A Comissão Comemorativa nomeada pelo estado suspendera o pagamento de uma
prestação do dinheiro que serviria para custear a edição do livro, e rebentara
na imprensa um escândalo pelo desvio de fundos nessa mesma Comissão. Até que a
situação fosse resolvida, o trabalho editorial em torno do livro ficaria
suspenso.
«A expedição achava-se
de novo em terra. Um espião pusera o capitão ao corrente de ordens de El Rei
para voltarem à Pátria. Reis e mercadores não chegavam a acordo para o
financiamento de novas viagens. A tripulação deixou-se ficar por terra, a
embebedar-se, por casas e bairros mal afamados. E passaram nisto semanas. Um
dia, um dos marinheiros é despertado a balde de água por uma prostituta, no
Cais do sodré. Ela anuncia-lhe, com rasgado sorriso, que é tempo de ele voltar
a partir. Diz-se pela cidade que um rico comerciante de Génova custeou uma nova
expedição, e o povo de Lisboa, ocioso, já pára pela Ribeira das Naus, a
assistir aos preparos de uma nova aventura.»
O livro chega
finalmente à gráfica. O barulho das máquinas é ensurdecedor: impressoras,
guilhotinas, encadernadoras e empilhadoras. Fazem e imprimem chapas e cadernos,
cortam rente, cosem, compilam, fecham.
Uma enorme guilhotina surge, num momento importante do livro.
«E estavam em torno de
uma mesa, graves, portugueses e espanhóis. Discutiam há horas. As comitivas de
ambos os lados dividiam a desconfiança dos seus olhares pelas cartas do mundo
dispostas na mesa e pela comitiva contrária. O acordo estava iminente. De
repente, uma enorme lâmina surgiu do céu, e foi cortar ao meio a sala, a mesa e
o mapa do mundo, dividindo portugueses e espanhóis que fugiam com grande temor
e tumulto para cada lado. E todos acharam que o sucedido se devia à ira divina,
que vinha castigar a cobiça dos dois povos, que se achavam no direito de
dividir entre si, a meias, os despejos da obra de Deus.»
E sucedeu também
assim, quando a obra começou a ser reproduzida:
«Numa noite calma, um
marinheiro combatia os solavancos da caravela com o gosto azedo de uma garrafa
de zurrapa. Não havia nada a vigiar. A escuridão engolia o mar e o céu. De
repente, o marinheiro teve uma visão que o iria perseguir para o resto dos seus
dias: viu passar ao largo da caravela uma caravela em toda igual à sua. Mas o maior
terror foi quando se viu a si próprio, pálido e espantado, de garrafa na mão, a
olhar para o lado de cá, na caravela que passava.
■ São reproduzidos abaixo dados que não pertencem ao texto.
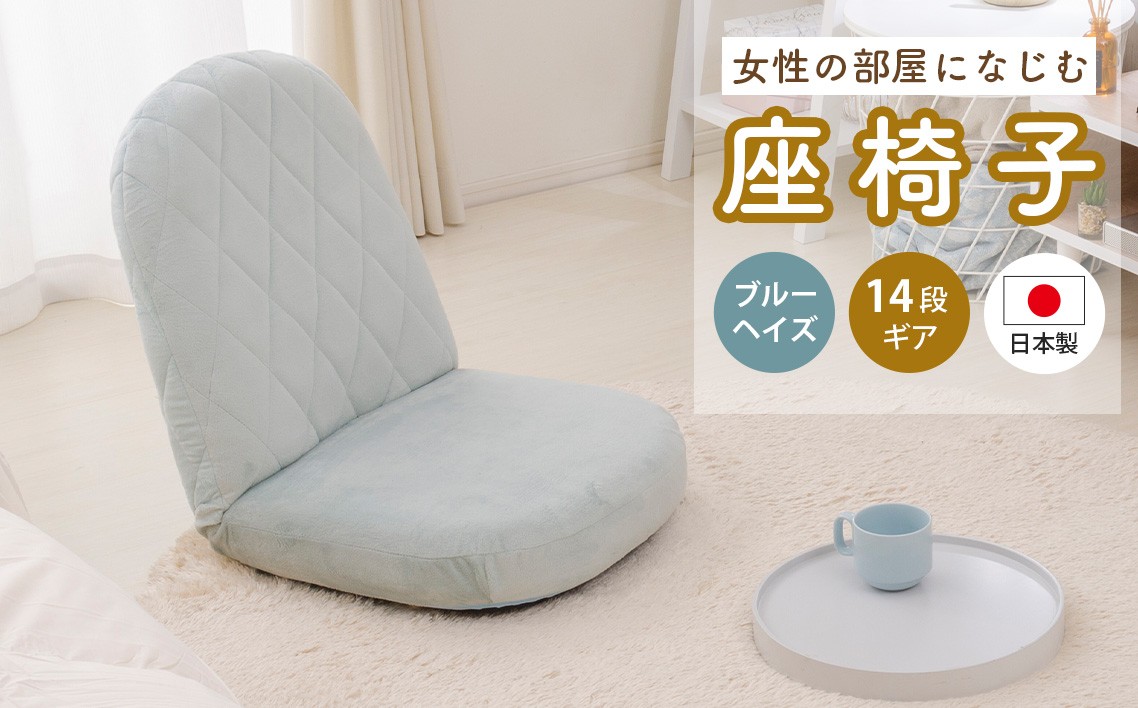 
            女性の部屋になじむ座椅子A1104 ブルーヘイズ【日本製】 ／ インテリア イス オシャレ かわいい 神奈川県 No.725
          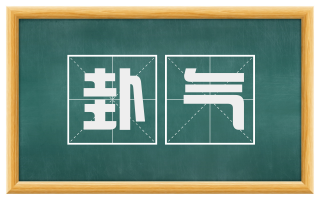 卦气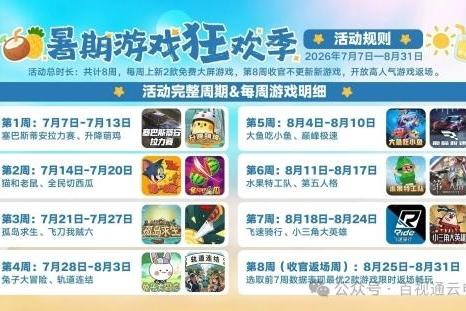 百视通云游戏暑期大屏游戏狂欢活动正式开启！限时免费爆款游戏轮番上线 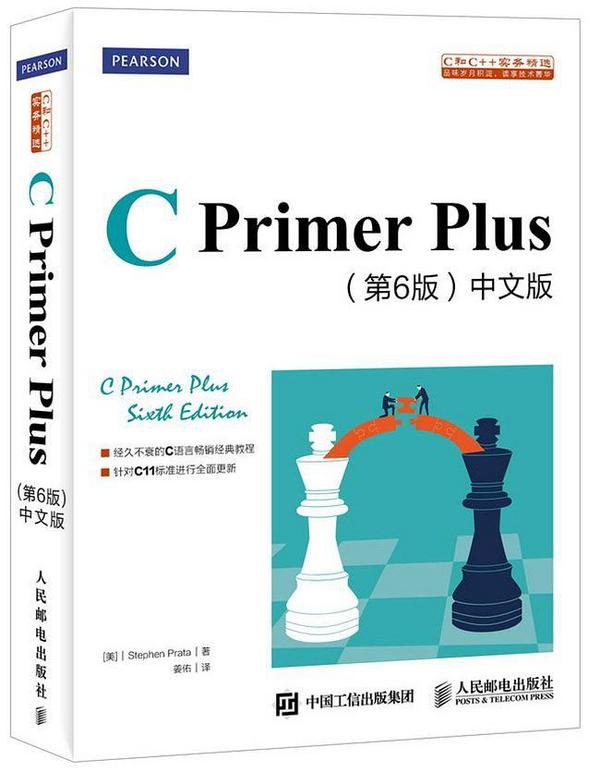 C Primer Plus-买卖二手书,就上旧书街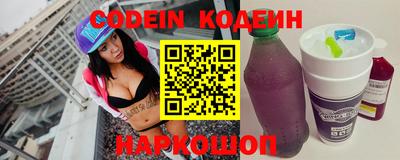 крисы Камышлов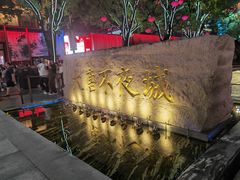 -大唐不夜城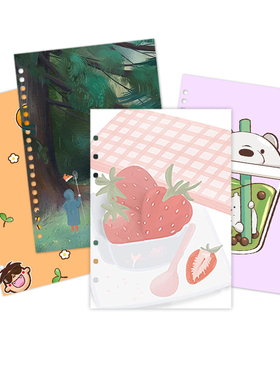 来图定制diy封面纸分隔页活页手账本a6 a5 b5 m5学生礼物教材印刷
E quando tentou esquecer o
sucedido, atribuindo a isto o efeito da má qualidade da zurrapa, sucedeu o
mesmo uma e outra vez, até que o marinheiro fugiu para o ponto mais profundo do
convés. Não sonhou sequer em relatar o que aconteceu ao capitão, que do alto da
sua cólera ainda havia de largar borda fora toda a pinga da caravela, e de o
deixar dias e noites no porão, a pão e água.»